Nessa perspectiva, a existência do indivíduo enquanto especificamente humano inicia-se na captação
do olhar materno pelo bebê, ou seja, do reconhecimento da mãe pelo filho. Assim, Todorov acredita
que Hegel limita a condição humana ao reafirmar a ideia hobbesiana de “guerra de todos contra
todos”, que deve ser superada.
Na terceira parte do capítulo “Um olhar sobre a história do pensamento”, Todorov afirma que,
na contemporaneidade, as doutrinas mais influentes aparecem como continuidade das tendências
associais, como a hobbesiana e a hegeliana. Essa visão se impôs por meio do marxismo (luta de
classes) e de Nietzsche (vontade de poder).

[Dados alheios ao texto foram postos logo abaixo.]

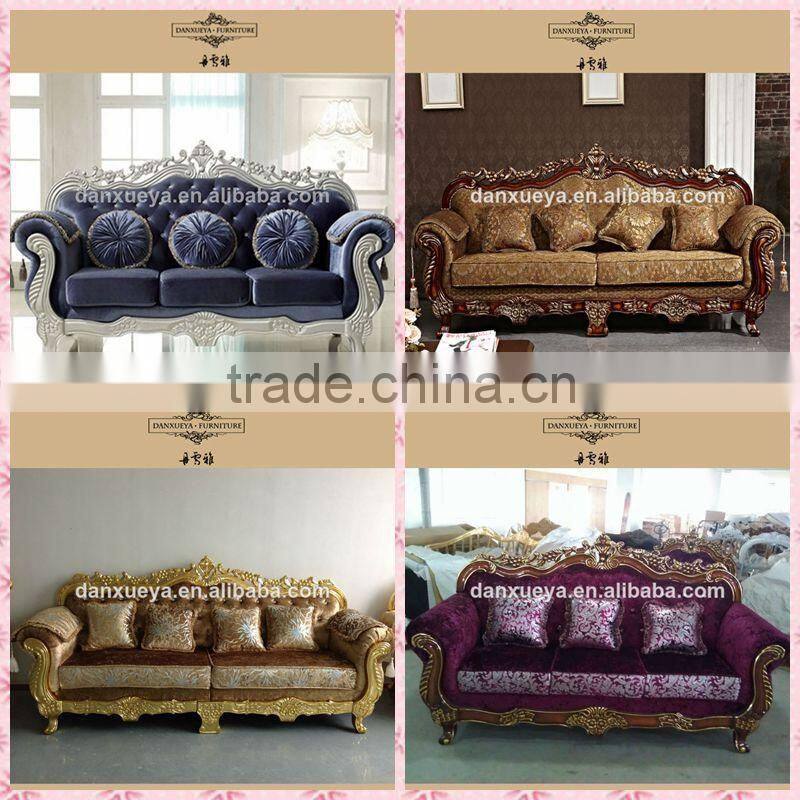 Living room furniture classical solid wood sofa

Para ilustrar o pensamento, Todorov aponta a visão da
psicanálise clássica, que traz a concepção subjacente do ser humano como fundamentalmente solitário
(aqui, como sinônimo de egoísta); ele pensa apenas na satisfação das suas pulsões, sendo que a vida
em sociedade é um meio de balizá-las ao ensinar-lhe o altruísmo e a generosidade. Dessa forma, o eu
(ser humano) é mau, vê os demais como aliados ou adversários, e a vida em sociedade é virtuosa por
impedir que ele cause catástrofes. Todorov discorda desse posicionamento, uma vez que, para ele,
ocorre confusão das categorias psíquicas e das categorias políticas. Sob esse prisma, a concepção
subjacente aos discursos políticos reduz as relações humanas a relações que pressupõem igualdade
entre os seres humanos, como a rivalidade. Inconscientemente, a sociedade é vista à imagem da
democracia tal como aparecia nos escritos dos seus primeiros críticos, ou seja, como um combate
incessante entre rivais não hierarquizados.

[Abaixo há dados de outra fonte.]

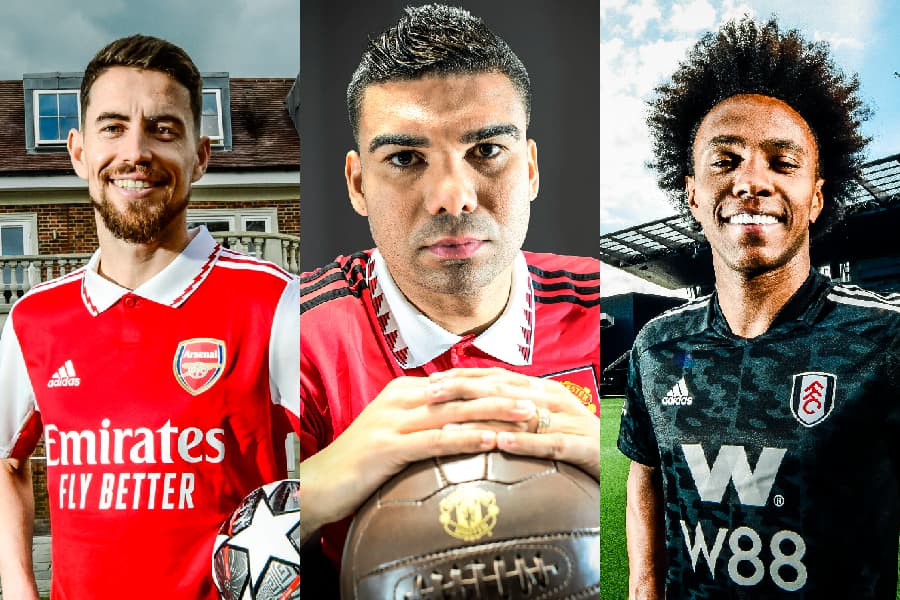 Jorginho, Casemiro e Willian: estrelas brasileiras da Premier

[...] num primeiro momento eu tinha acreditado que a liberdade era um dos valores fundamentais da
democracia; agora percebo que certo uso da liberdade pode representar um perigo para a democracia
(TODOROV, 2012).

A radicalização da ideia de liberdade e de autonomia da vontade humana, fundamenta o


princípio de que uma vontade humana comum traria salvação para humanidade, direcionando-nos para
o projeto de levar um “Bem Maior” a todos os povos. É com tal projeto que o messianismo político,
alcançado a democracia moderna, atua na imposição de regimes democráticos e de direitos humanos a
outros países, como aconteceu na Guerra do Afeganistão, do Iraque e da Líbia – a pretexto de um Bem
Maior governos como o dos Estados Unidos acabam voltando-se para interesses particulares.

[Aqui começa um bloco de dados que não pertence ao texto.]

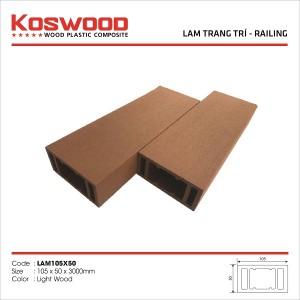 Lam Gỗ Nhựa Ngoài Trời Koswood 105x50 Màu Light Wood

Indicamos, portanto que tais atuações precisam de novas adequações – uma nova linguagem –
pra entender cada povo considerando suas questões sociais, culturais e humanas. A construção de
Direitos Humanos Universais não pode abrir espaço para ações totalitárias – seja pela tirania dos
indivíduos, seja pela interferência de Estados sobre outros.